Premièrement, l'augmentation du prix du logement en centre-ville est à l'origine d'un effet d'éviction, conduisant à ce que seuls les plus aisés y habitent, ainsi que les retraités ou les foyers d'une ou deux personnes. Ce faisant, le pouvoir d'achat moyen des habitants de centre-ville augmente 22 ( * ) .

Deuxièmement, le développement de l'omnicanal ( cf. infra ) et la segmentation des commerces alimentaires favorisent la fragmentation des achats alimentaires (en moyenne, près de huit sources différentes d'achats sont utilisées par les familles) : marché de producteurs, commande livrée, halles, marchés de plein vent, commerce de proximité spécialisé ou généraliste, distribution alimentaire, etc .

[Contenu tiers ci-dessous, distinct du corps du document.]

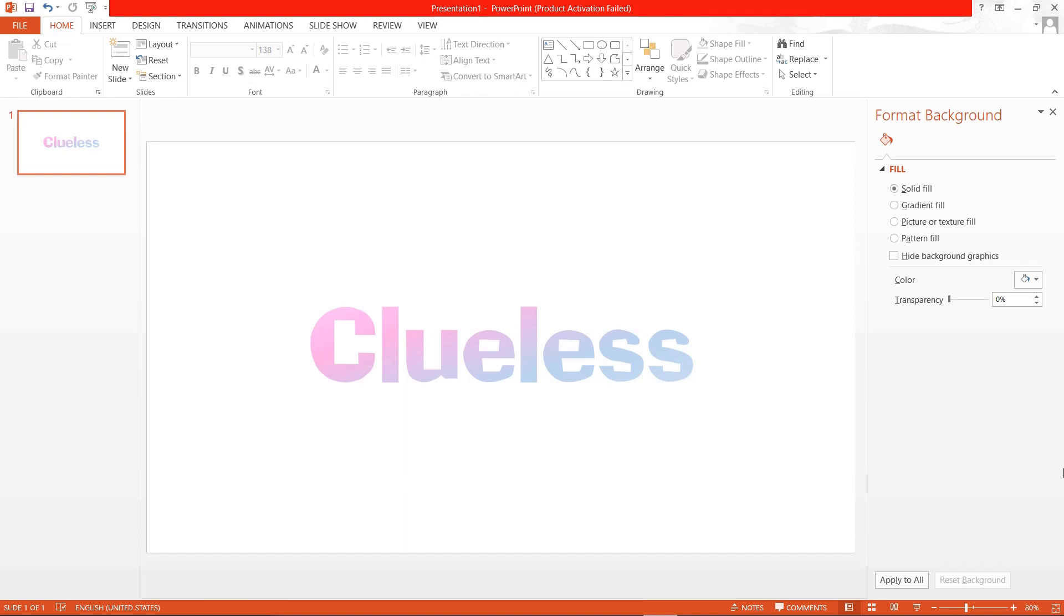And that is how you can create a gradient text effect in PowerPoint. I hope this video was helpful. Don't forget to like, comment, share and also subscribe to this channel if you haven't done that. If you have any questions just leave it in the comment section down below and I will try my best to answer them all. Thank you so much for watching. Bye!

Selon les données de la Confédération générale de l'alimentation de détail (CGAD), le nombre de commerces dans ce secteur augmente depuis dix ans à un rythme annuel de 2 à 3 %, après avoir baissé de plus de 10 % dans les années 1990 et 2000. Cette recherche d'une plus grande proximité est corroborée par une étude réalisée par la CGAD et CSA : 27 % des Français se rendent plus souvent qu'il y a cinq ans dans ces commerces de proximité 23 ( * ) .

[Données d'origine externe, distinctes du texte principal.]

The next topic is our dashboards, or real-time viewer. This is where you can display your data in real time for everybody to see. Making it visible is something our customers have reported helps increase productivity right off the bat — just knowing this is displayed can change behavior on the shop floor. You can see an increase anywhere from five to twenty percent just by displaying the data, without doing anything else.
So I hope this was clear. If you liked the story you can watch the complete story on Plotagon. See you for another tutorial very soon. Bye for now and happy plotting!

Enfin, le fort développement du télétravail depuis mars 2020 a rendu plus attractifs les emplacements commerciaux à proximité des lieux d'habitation 24 ( * ) .

b) Une mutation qui conduit la grande distribution à se réinstaller au centre des villes

Face à ces évolutions, plusieurs enseignes ont su développer de nouveaux formats de proximité afin de réinvestir, notamment, les centres-villes : Carrefour city, Monop, Le petit Casino, A2 pas, Utile, Intermarché Express, Leclerc Express, pour ne citer qu'eux.

Dans l'ensemble, ces magasins proposent un moins grand nombre de références que les super ou hypermarchés de périphérie, mais l'offre est davantage adaptée à la clientèle de la zone de chalandise. Outre la réduction de la surface de vente, liée à l'espace disponible mais aussi à la fiscalité qui s'y applique, ces nouveaux formats s'attachent également à « faire oublier » l'enseigne et à transformer le local en lieu de vie, en proposant par exemple des services différenciants comme des espaces snacking avec micro-ondes. Ainsi que le souligne CCI France, « le réinvestissement des centres-villes n'est pas la duplication de modèles hyper en simplement plus petits : c'est un changement de nature et de services proposés, une autre façon de faire ses courses ».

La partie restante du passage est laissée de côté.